An Etruscan text of any kind would naturally
attract attention. But Prospero's texts contained startling information. For one
thing, they seemed to suggest that the Etruscan augurs knew more about the
coming of Christ than even the Hebrew prophets. Prospero also described Aesar,
the deity worshiped by the Etruscans, as having created human beings and endowed
them with free will, as the Roman Catholic Church taught. This very point of
doctrine was central to the dispute between Calvinists and Catholics, then
embroiled in the Thirty Years' War.
Elsewhere, Prospero suggested that the Etruscans
had been experts in the science of astronomy. For the Grand Duchy of Tuscany,
whose prestige increasingly depended on its cultural heritage, the discovery of
the scarith ranked as headline news.
But from the outset, reputable scholars smelled
something fishy about Prospero and his scarith, and when Curzio published his
findings in a lavishly illustrated book, they went on the attack. Etruscans,
according to writers like Pliny and Livy, wrote on bolts of linen, not paper.
Curzio was unfazed. The scarith, he replied, showed that the "linen books"
referred to by the ancients were in fact paper made from linen rags.
He was less successful when the debate over the
scarith spread beyond the polite confines of Tuscany, and the finest textual
scholars in Europe began picking apart Prospero's Latin. The leader of the wolf
pack was Leone Allacci, a Greek librarian at the Vatican, who reveled in the
bareknuckle debating style popular in Rome. "A new Augean stable, full of
foul odors and outrage," he wrote, "can scarcely slow my angry charge
against ridiculous fables and pure trifles." Warming to his task, Allacci
homed in on the Latin anachronisms in the texts and the "plebeian"
quality of the writing. Why, he wondered, did Prospero break off his narrative
by saying he had run out of paper, when many of the texts were wrapped in paper
with no writing on it? "Who is going to believe that paper is what runs out
during a siege?" he asked. He dismissed Prospero as "this fogmaker
from Fiesole" and "this Balaam's ass."
Curzio, stung, responded with a defense that ran
to more than a thousand pages. Fearful of exposing his Latin to ridicule, he
wrote in the Tuscan dialect.
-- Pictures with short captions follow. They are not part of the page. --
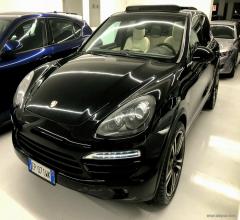 Auto - Porsche cayenne 3.0 diesel 250cv platinum edit.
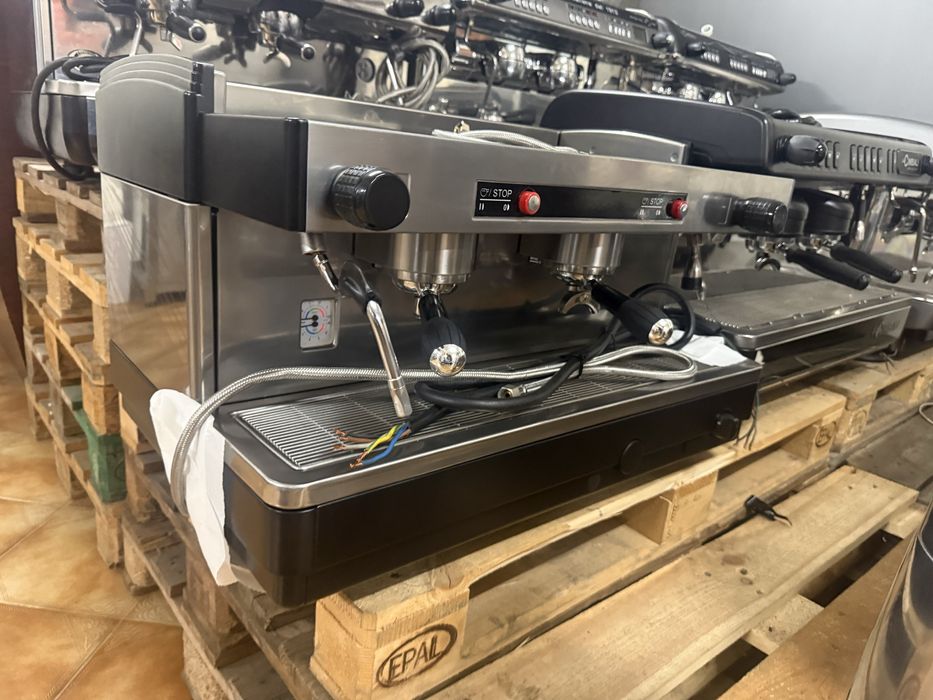 Máquina café industrial como nova, com garantia,fazemos instalação.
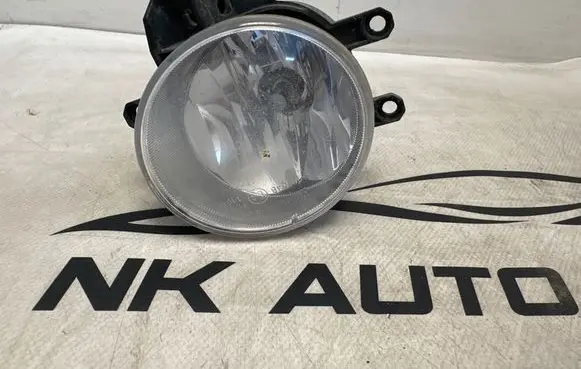 Toyota Auris E180 Front fog light 90008490 8121002110 22122015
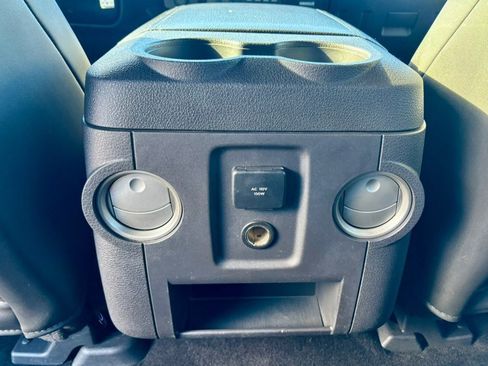 Used 2011 Ford F250 Lariat w/ Lariat Interior Pkg image 30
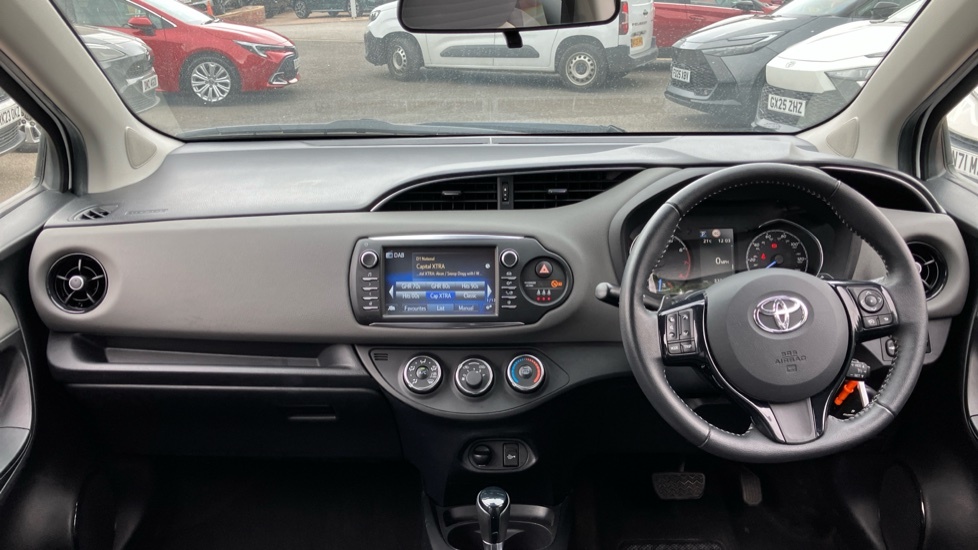 Toyota Yaris Icon KR20XJE White #6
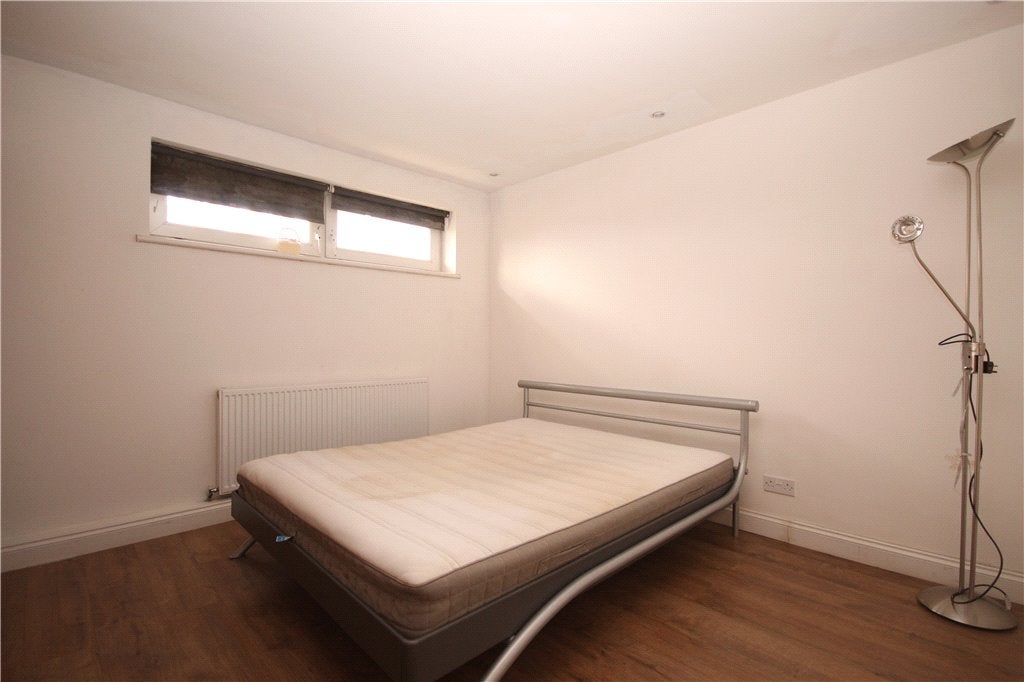 Flat Scotts Court in Rushmoor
But the battle was already lost. Although Allacci
had stopped short of accusing Curzio of forgery, the verdict was in. The
question was not who done it, but why he did it.
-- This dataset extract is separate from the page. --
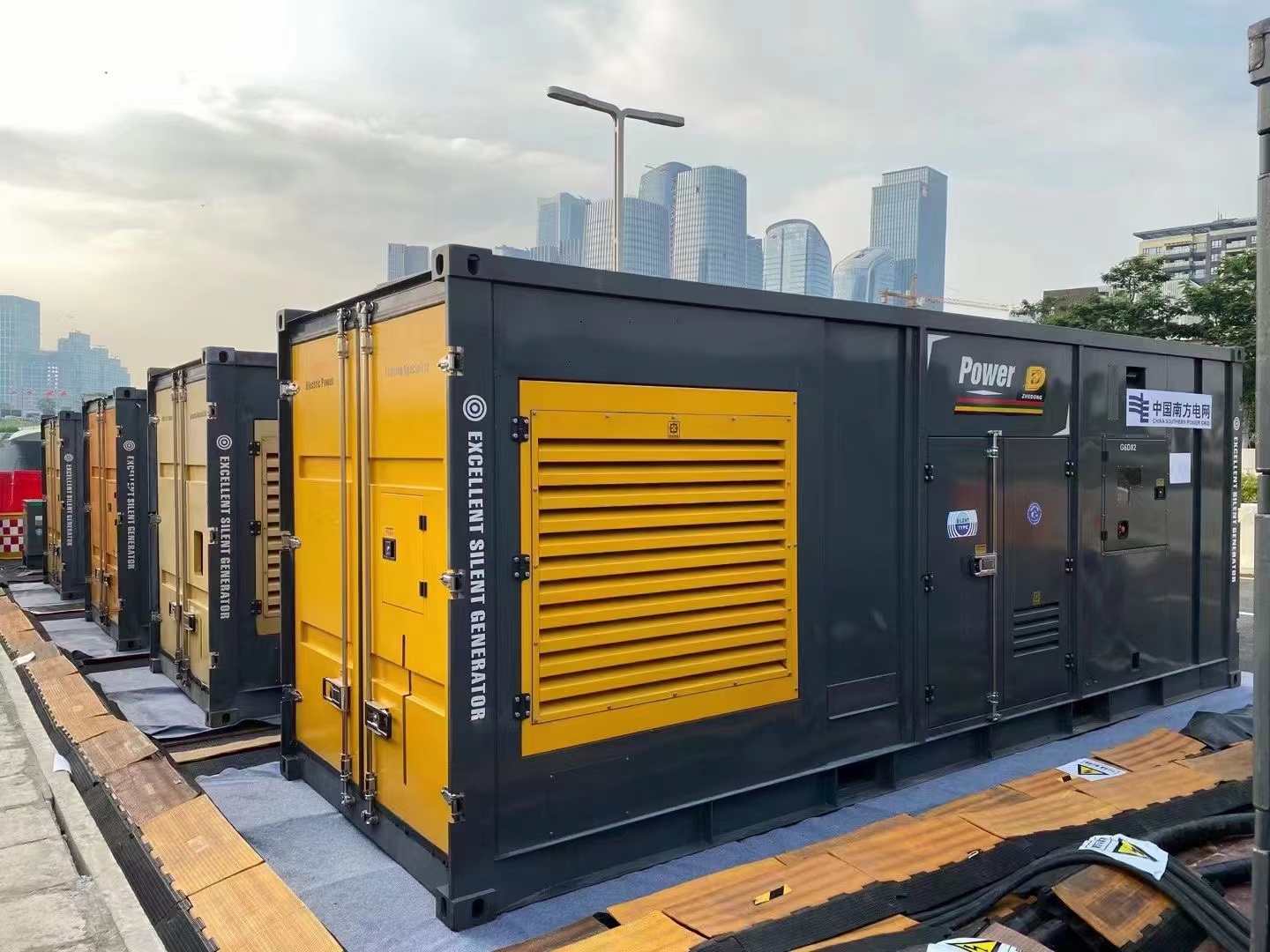 200KW發(fā)電機出租租賃400KW發(fā)電機電纜線出租UPS電源出租_300kw發(fā)電機出租放心本地經(jīng)銷商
Rowland skillfully weaves her way through this
long-forgotten controversy, framing it within the cultural and political
struggles between Rome and Tuscany, and the larger intellectual debates of the
period. At every turn, she provides fascinating detail about the workings of the
scholarly world at a highly sensitive
moment, just two years after Galileo (like Pope
Urban VIII, a Tuscan) had been forced to recant his theory of the solar system.
In a mere 150 pages, not counting endnotes, she summons up a world and an age.
So why did Curzio do it? Apparently, because he
did not want to go to law school, which was the family's plan. By forging
Etruscan texts, he could look forward to years of happy immersion in the subject
he loved the most, history. But Rowland does not discount the Tuscan love of
practical jokes, or beffe, so prominent in Boccaccio's "Decameron."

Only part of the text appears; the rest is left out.